The most commonly used synthetic routes for granisetron can be broadly classified into three categories: the PAS-mediated method, the N-BOC-protected method, and the hydrogenation method.
The PAS-mediated method involves the use of para-toluenesulfonyl chloride (PAS) as a reagent to introduce a tosylate group into the indole ring of granisetron.
This group is then protected with a tert-butyldimethylsilyl (TBDMS) group to prevent its reaction with amines.
The TBDMS group is then removed under acidic conditions, and the resulting amine is converted into the desired compound using standard synthetic methods.
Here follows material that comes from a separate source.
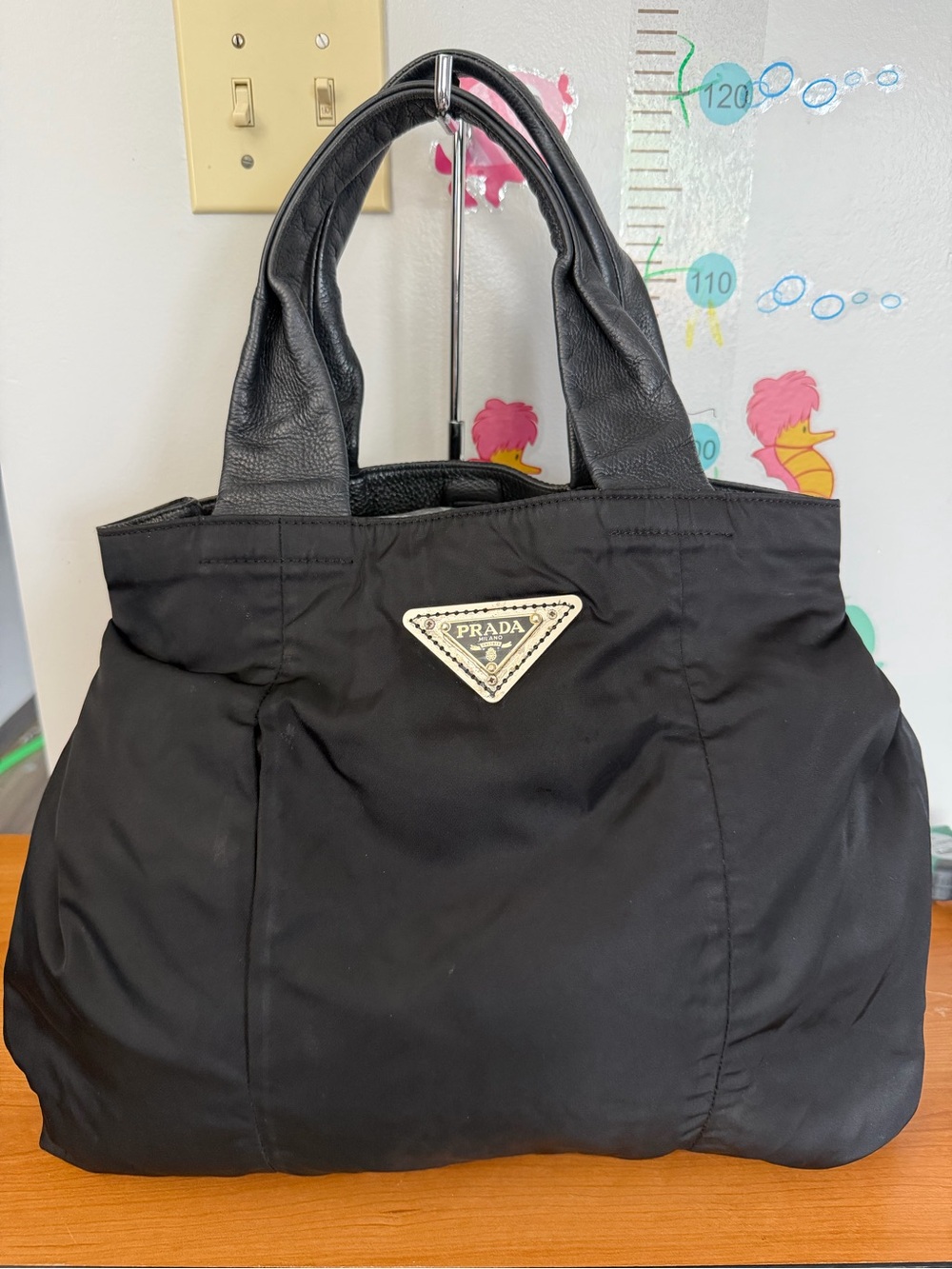 Prada Black Nylon Tote with Triangle Logo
The PAS-mediated method is considered to be one of the most efficient synthetic routes for granisetron, as it provides high yields and a high level of stereochemical control.
The N-BOC-protected method involves the use of N-bromoacetamide (N-BOC-Br) as a reagent to introduce a BOC group into the amine nitrogen of granisetron.
The BOC group is then protected with a TBDMS group, and the TBDMS group is removed under acidic conditions to give the desired compound.
This method is less severely reactive than the PAS-mediated method and can be used with less reactive amines.
The hydrogenation method involves the reduction of the nitrile group of granisetron to an amine using hydrogen gas in the presence of a catalyst.
This method is less expensive than the other methods and does not require the use of hazardous reagents.
However, it is less efficient than the other methods and typically results in lower yields.
Overall, the choice of synthetic route for granisetron depends on several factors, including the availability of reagents and equipment, the desired yield and stereochemical control, and the environmental impact of the synthesis.
As the field of organic synthesis continues to advance, it is expected that more efficient and environmentally friendly methods for the synthesis of granisetron will be developed.